Your task - From the line containing "Image of Spykar Men Shirt" to the last line of the data, both included, transcribe each line exactly, leaving out pictures and adding nothing.

Excerpted records -
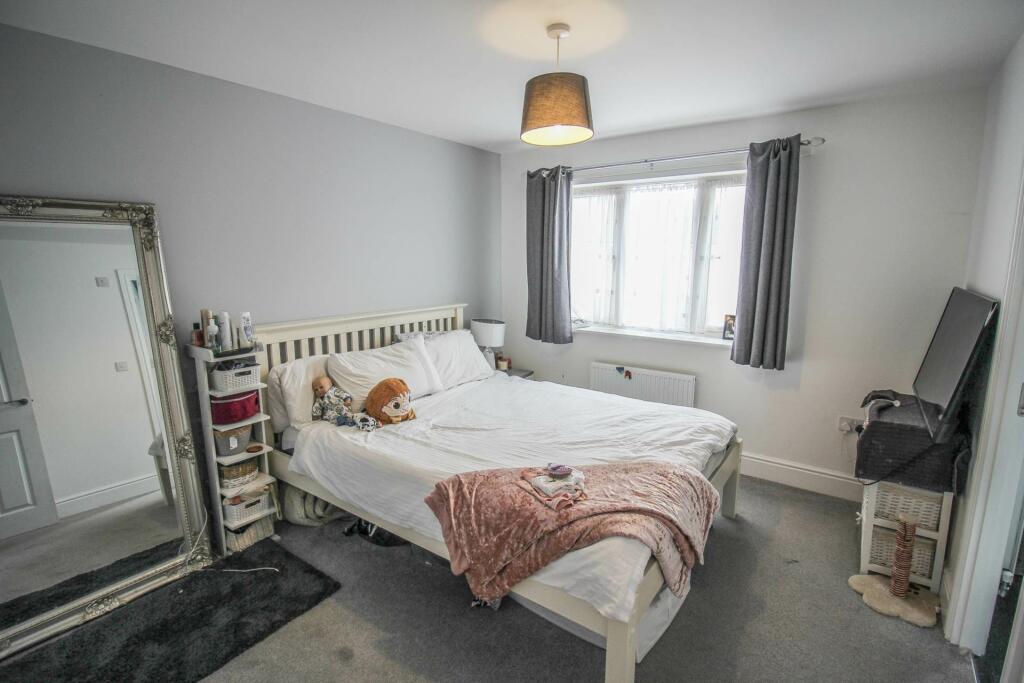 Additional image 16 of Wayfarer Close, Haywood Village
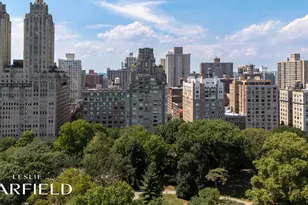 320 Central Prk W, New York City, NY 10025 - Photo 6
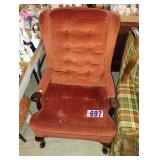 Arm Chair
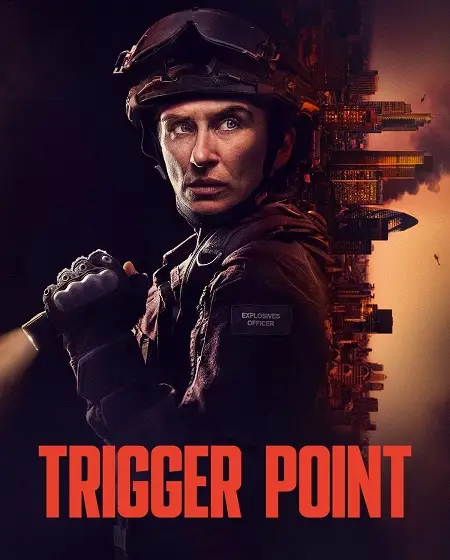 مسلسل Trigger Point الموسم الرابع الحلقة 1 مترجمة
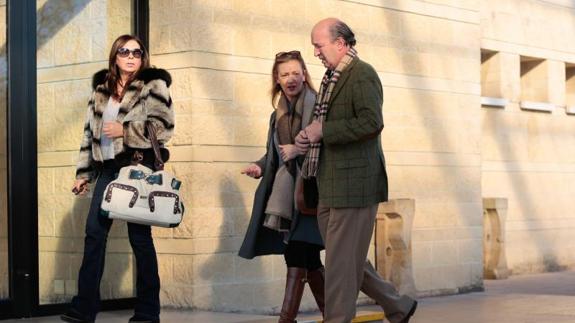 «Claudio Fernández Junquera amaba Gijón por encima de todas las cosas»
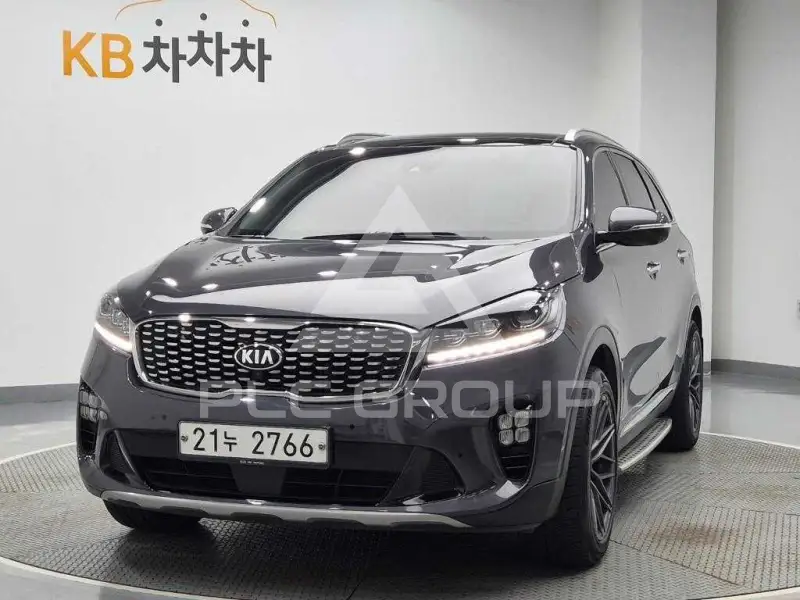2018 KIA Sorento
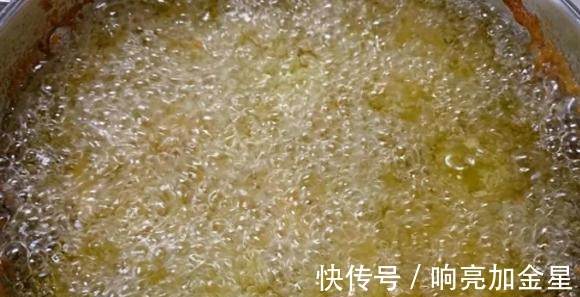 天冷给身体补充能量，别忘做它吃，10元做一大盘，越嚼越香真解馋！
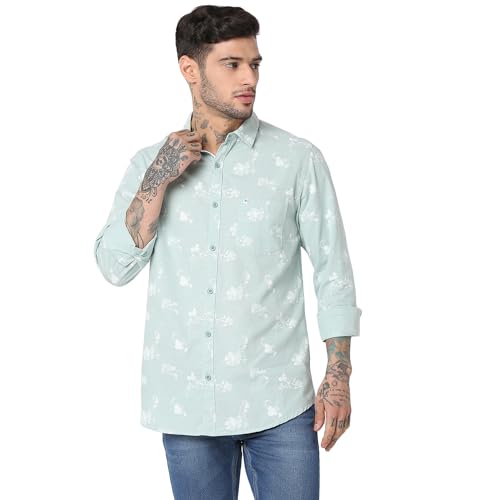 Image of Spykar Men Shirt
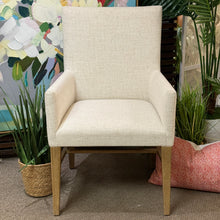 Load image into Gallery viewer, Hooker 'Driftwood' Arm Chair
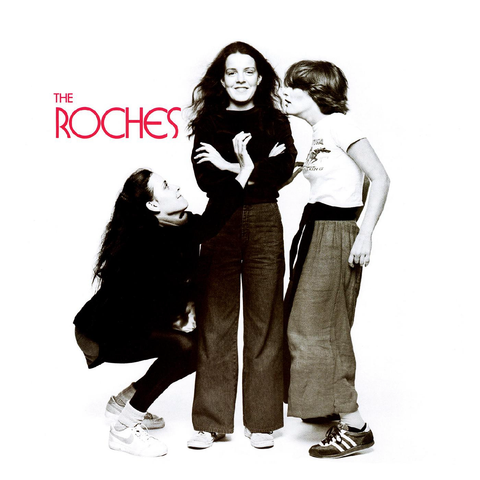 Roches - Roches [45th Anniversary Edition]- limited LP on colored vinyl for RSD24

Result below -
 Image of Spykar Men Shirt
 Load image into Gallery viewer, Hooker 'Driftwood' Arm Chair
 Roches - Roches [45th Anniversary Edition]- limited LP on colored vinyl for RSD24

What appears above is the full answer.